Les spécialisations qui changent la donne
Sur le marché de l'emploi, tous les profils infirmiers ne se retrouvent pas dans la même situation. Un infirmier généraliste trouvera un poste facilement. Un IBODE (bloc opératoire), un IADE (anesthésiste) ou un IPA (pratique avancée), lui, sera littéralement chassé. L'IPA en particulier connaît un essor remarquable : son périmètre d'exercice s'est encore élargi cette année, et la profession attire des infirmiers expérimentés en quête d'autonomie clinique. C'est un peu le graal pour celles et ceux qui veulent rester au contact du patient tout en gagnant en responsabilités.
Ce que ça paie, concrètement
À l'hôpital public, un débutant tourne autour de 2 100 € nets par mois. Correct, sans plus. En libéral, la fourchette s'élargit considérablement : certains dépassent les 3 500 € nets, d'autres bien davantage, selon la zone d'exercice et la composition de la patientèle. Les primes d'attractivité pour les zones sous-dotées ajoutent parfois plusieurs centaines d'euros mensuels. De quoi faire réfléchir ceux qui hésitent à quitter la ville.
Aide-soignant : revalorisé sur le papier, toujours en tension sur le terrain
Le Ségur n'a pas tout réglé
On a beaucoup parlé du Ségur de la santé et de ses revalorisations salariales.
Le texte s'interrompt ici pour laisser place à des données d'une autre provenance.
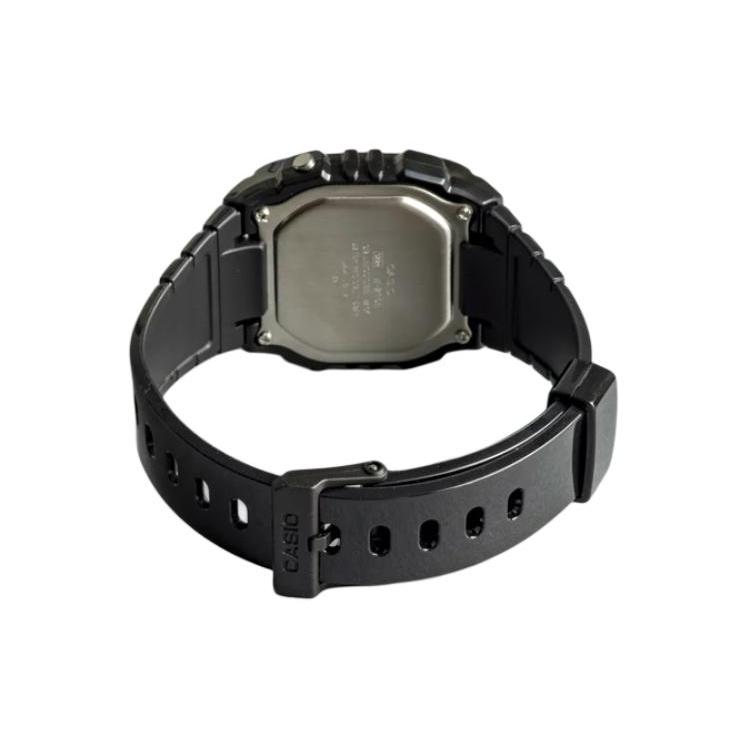 Casio Unisex Pair Table Series White Watch W-215H-1AJH&W-215H-7AJH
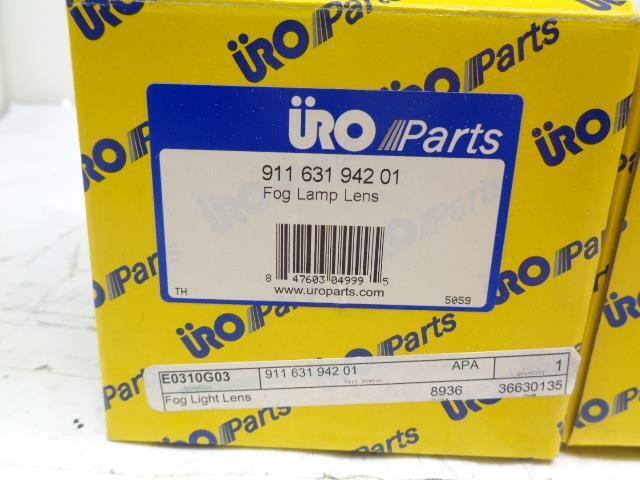 PORSCHE 911631941 AND 91163194201 FOG LAMP LENS FOR G BODY PORSCHE 911 USED R20t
C'était nécessaire, indiscutablement. Mais le compte n'y est toujours pas. Les EHPAD, en première ligne, fonctionnent parfois avec 20 à 30 % de postes d'aide-soignants non pourvus. Imaginez ce que cela signifie au quotidien pour les résidents et pour les équipes en place qui doivent absorber la charge. Les services hospitaliers de gériatrie et de SSR ne sont pas mieux lotis.
Le métier souffre encore d'un déficit d'image. Pourtant, pour qui s'y intéresse vraiment, c'est un métier de contact humain profond, où chaque journée compte pour quelqu'un.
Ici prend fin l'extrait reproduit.